Write With Spite (and in a journal!)
Updated: Apr 19, 2022
I come bearing bad news…I’m in a massive writer’s block slump. It’s another ironic take on my life: writing about how to beat writer’s block, yet finding myself, a writer, to be very much blocked. I think a lot of this slump has to do with the fact that I’m in a sort-of post-undergrad recovery. As in, I graduated almost four months ago with a degree that required me to write so much that now I don’t know what to do with myself without anyone telling me I have to write several things, and quickly. I have a full-time job, thankfully, but it’s hard to find time to write when all I want to do is curl up in bed and read a book in a half-vegetative state once I get home. There are a lot of thoughts in my brain, but not enough time to let them manifest onto the page. Thus comes the writer’s block, and an ugly case of it.
In the past, I’ve found that keeping a journal full of my nonsensical thoughts and fledgling plotlines are the best way to work out my stories. I carry a journal around with me everywhere so that, when I do find the time to write, I’ll have it on hand as a tool for my creative dumping. Having a physical journal to write in is like a refreshing change of environment for my brain that’s been processing nothing but blue light from my laptop all day. Sometimes, it’s like I can’t think straight until I can write it in my journal.
A few months ago, I got an idea for a story and made a beeline for my trusty journal (it has beautiful pages with shiny gold edges and a brown leather cover, by the way). It’s one of those stories that are on the tip of my tongue and won’t quite come out as something fully formed. I found myself frustrated because I was writing something that didn’t seem to know what it wanted to be. I didn’t know what I wanted it to be!
At least, I thought I didn’t.
In a bout of frustration, I cracked open my journal to figure out what I was going to do with this poor story…only to find that Emily from two months ago had already mapped it out!
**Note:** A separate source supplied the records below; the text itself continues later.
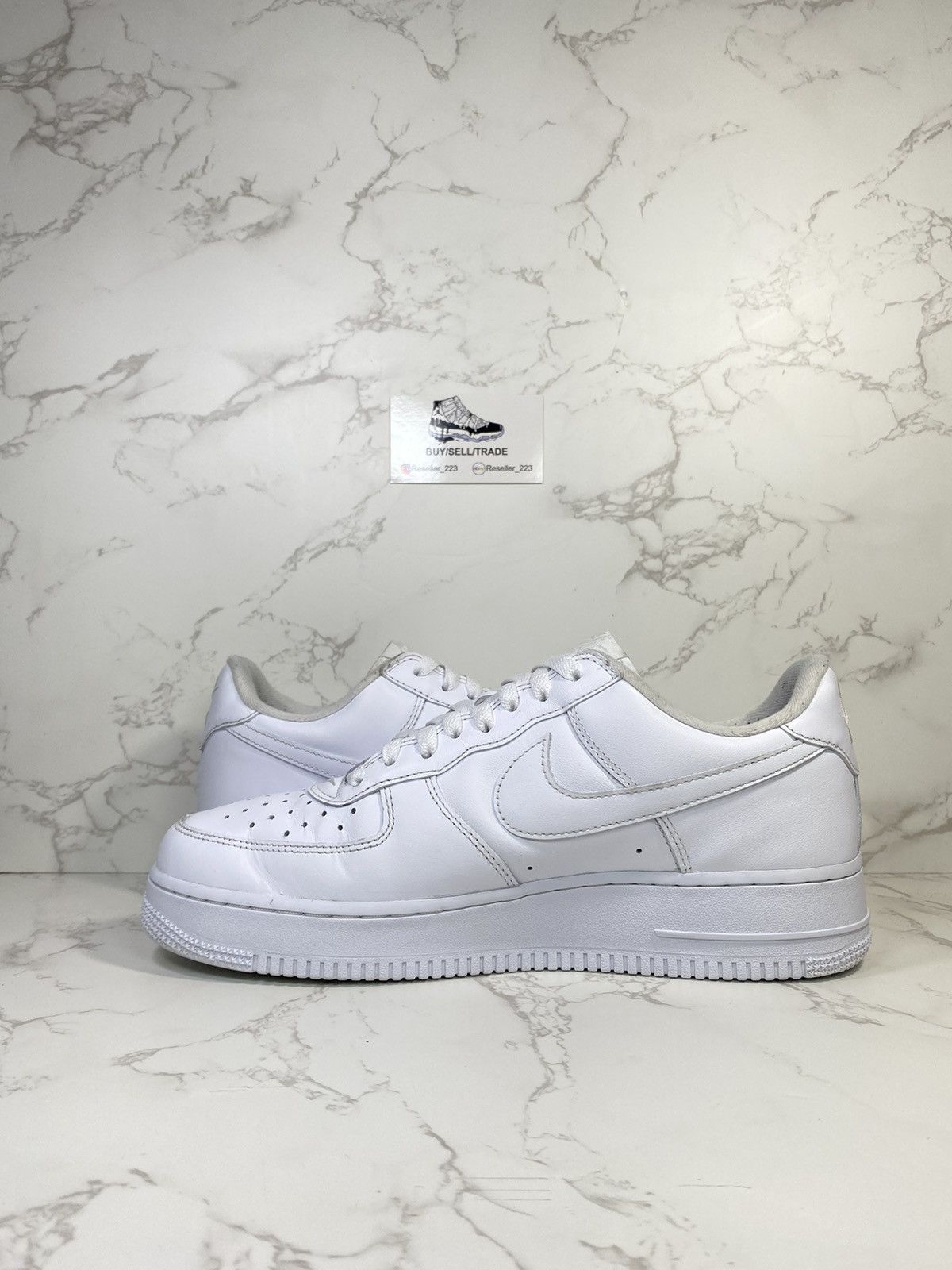 Nike × Supreme Supreme x Air Force 1 Low 'Box Logo - White' Size US 9 / EU 42 - 4 Thumbnail
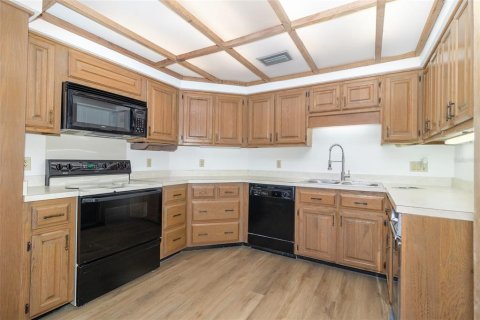 Casa en venta en Winter Springs, Florida, 4 dormitorios, 243.4 m2 № 1797871 - foto 4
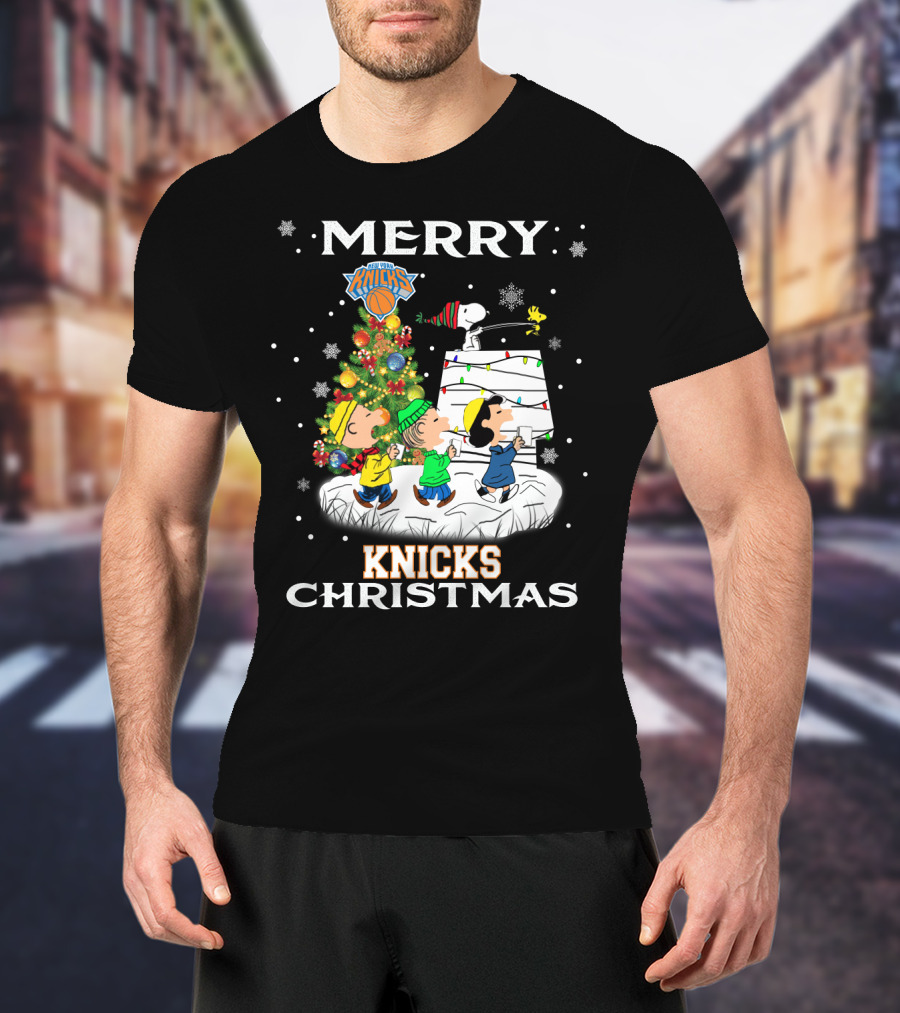 Merry New York Knicks Christmas Peanuts Snoopy Woodstock Tree Festive T-Shirt
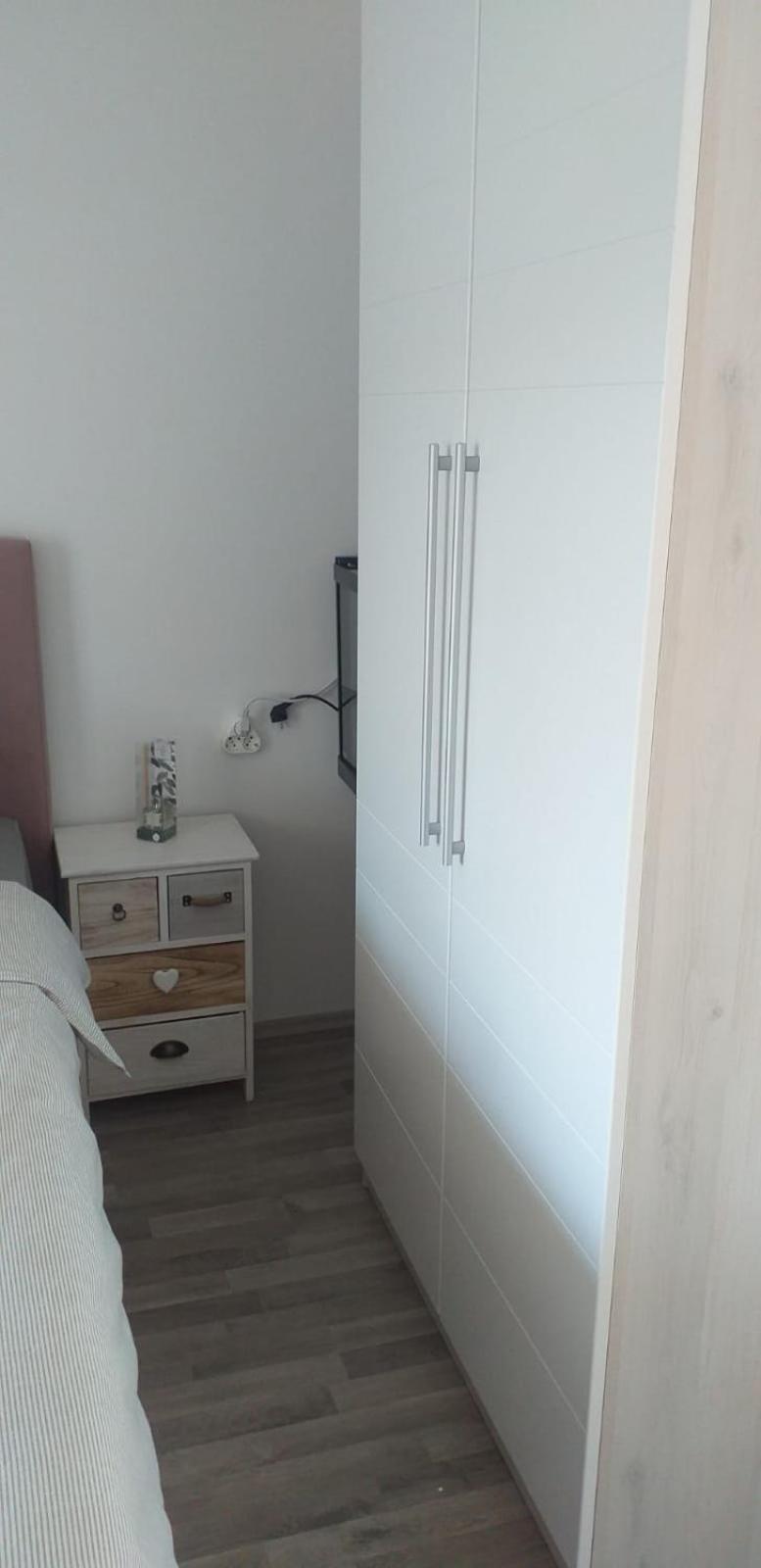 Double Room with Balcony and Sea View - Photo 8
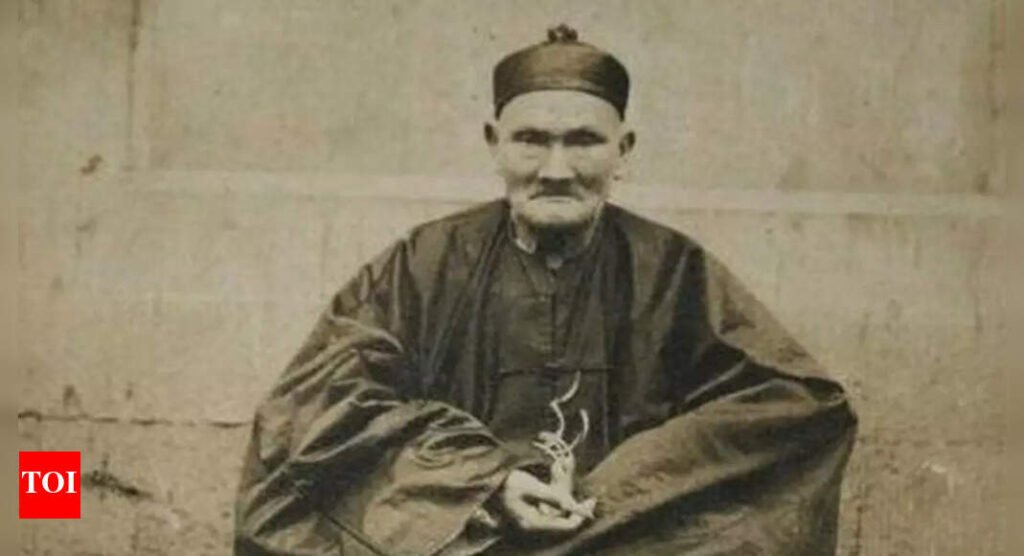 Keep a quiet heart, walk like a pigeon: 250-year-old, world’s longest living Chinese man’s 5 secrets to longevity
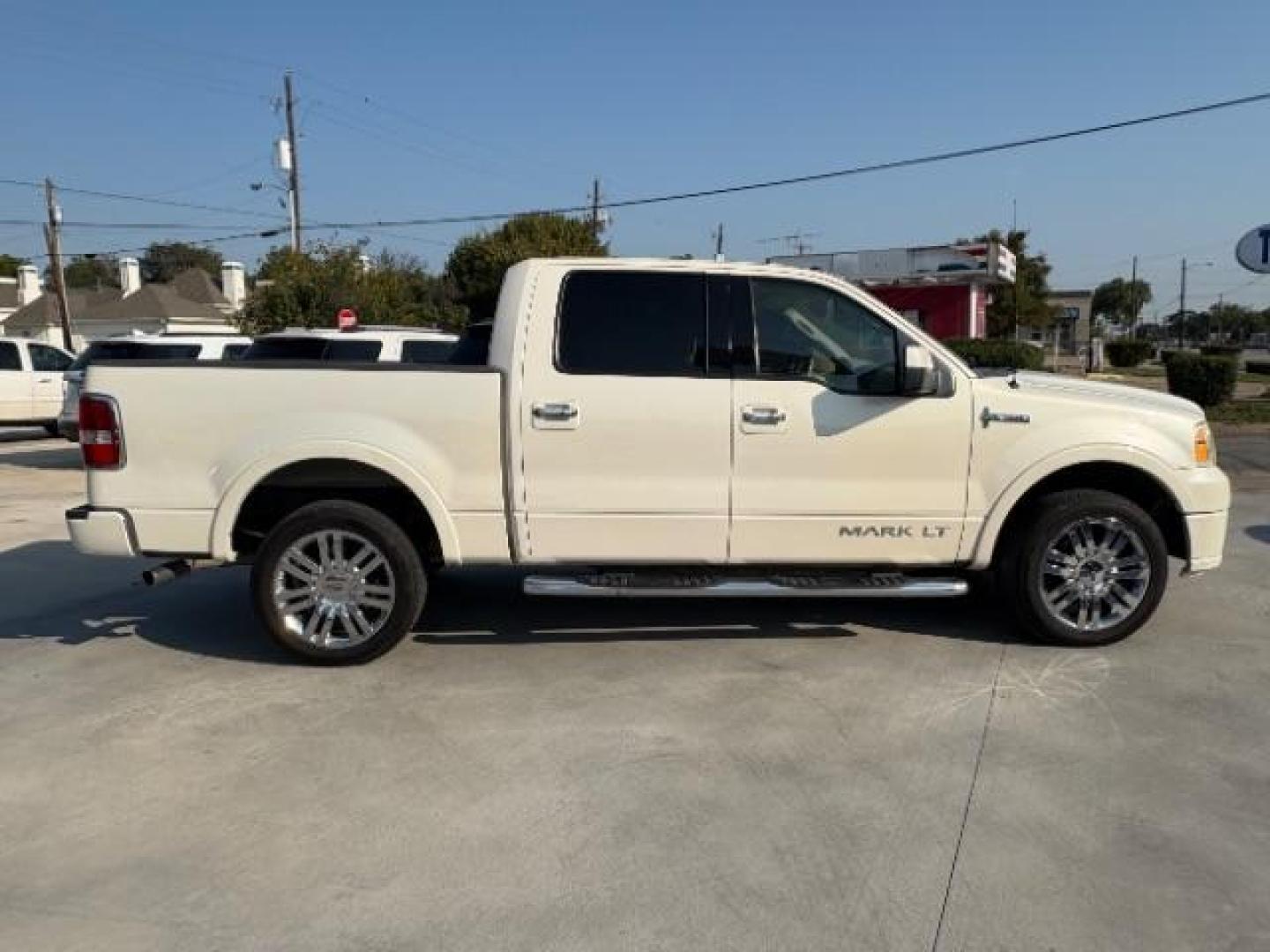 2008 White Chocolate Cera /Dove Grey Leather In Lincoln Mark LT 2WD (5LTPW16578F) with an 5.4L V8 SOHC 24V engine, 4-Speed Automatic transmission, located at 900 South McDonald Street, McKinney, TX, 75069, (972) 529-2992, 33.189335, -96.613403 - Photo#5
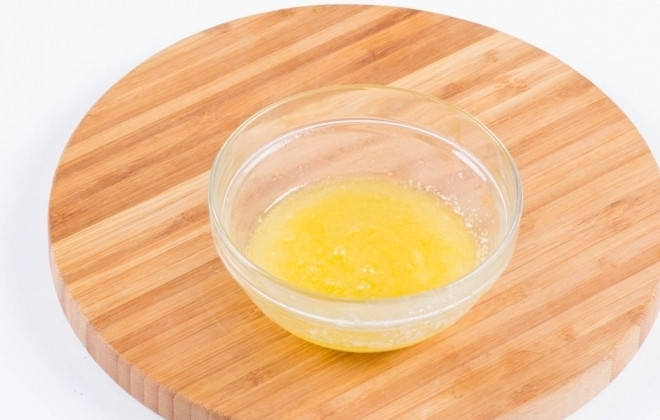 1. Этап. Пирог с творогом и яблоками: 6. 30 грамм масла растапливаю и смешиваю с 50 граммами сахар. Это будет глазурь.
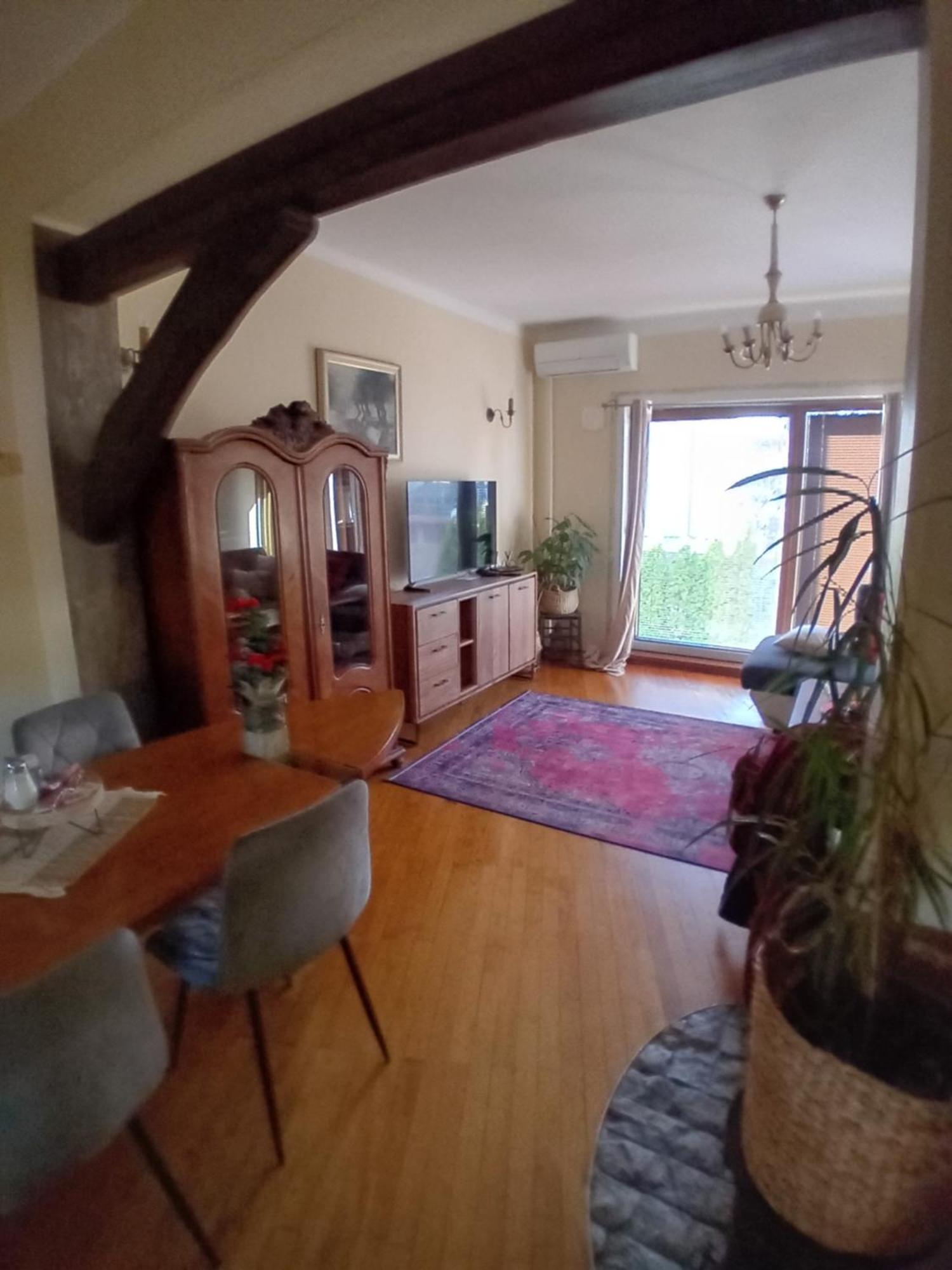Apartment Baci For 4 Guests ลูบลิยานา ภายนอก รูปภาพ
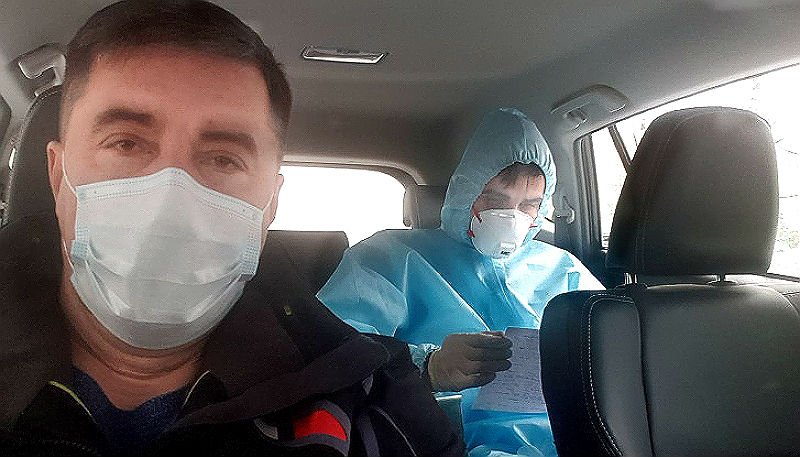 Ярославец ушел с работы и стал таксистом, чтобы возить врачей к ковид-пациентам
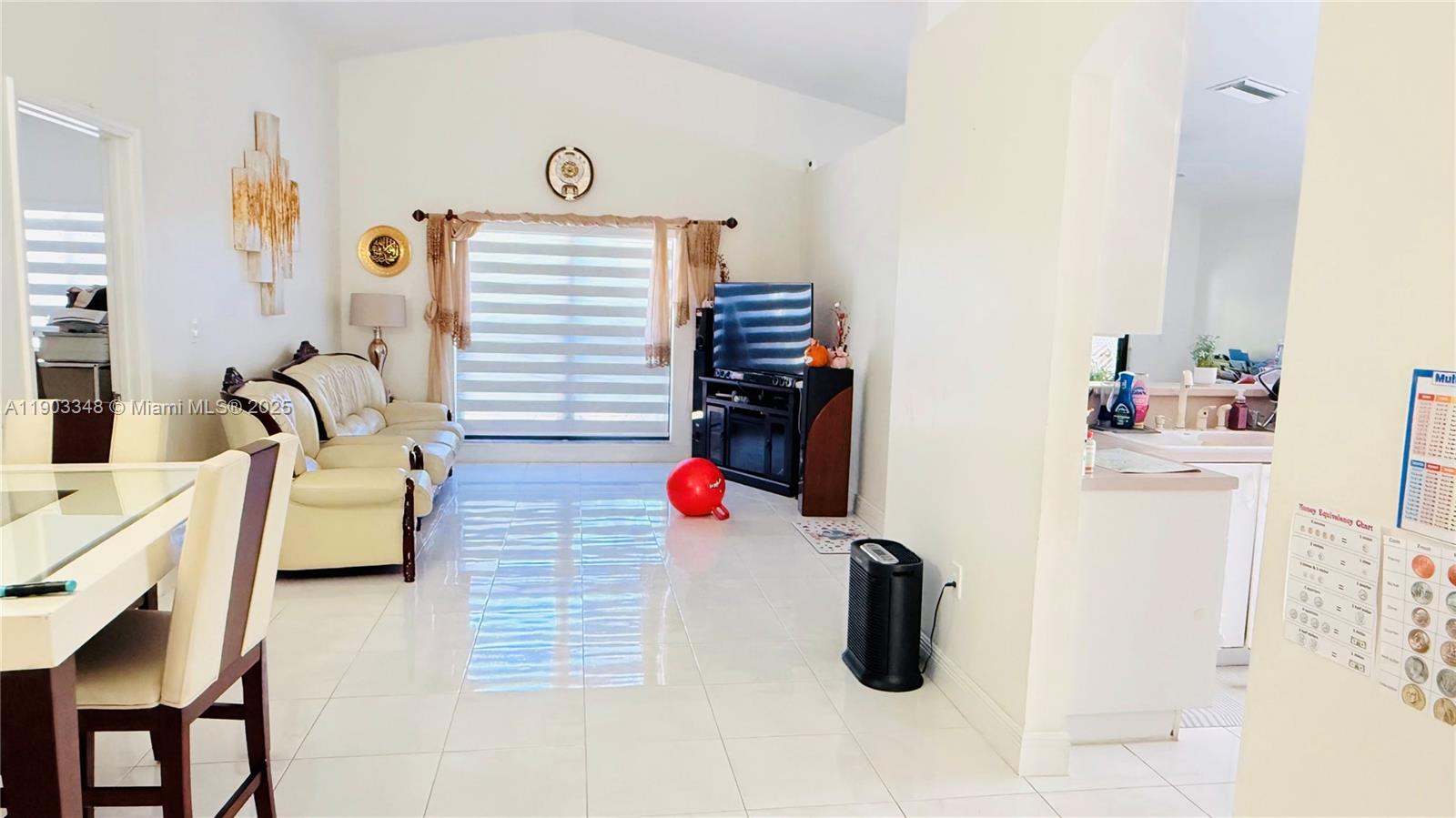 1235 NW 144th Ave Pembroke Pines, FL 33028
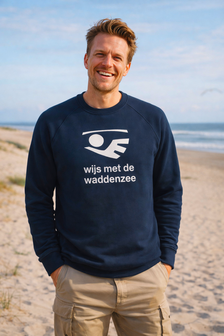 Sweater Wijs met de Waddenzee heren - Sweater &ndash; Wijs met de waddenzee &ndash; Marine blauw &ndash; model Thomas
Somehow, I had forgotten that I really did know what I wanted it to be (that is, until the story takes its own turn, which is almost always the case). I felt an enormous sense of relief, along with some embarrassment. I haven’t gotten around to writing the story as I had originally planned, but it’s good to know that I had my own guidelines to follow after all.
Not to be dramatic, or anything, but I don’t know what I’d do without my journal, and I highly recommend that all writers have their own. A journal will help you organize your thoughts, no matter how senseless they may be, and especially at the earliest stages of story writing. It may also save your life in the event you’re drowning underneath a writer’s block and have nothing else to grab on to. Who knows, maybe your past self saved your future self from giving up on a great story.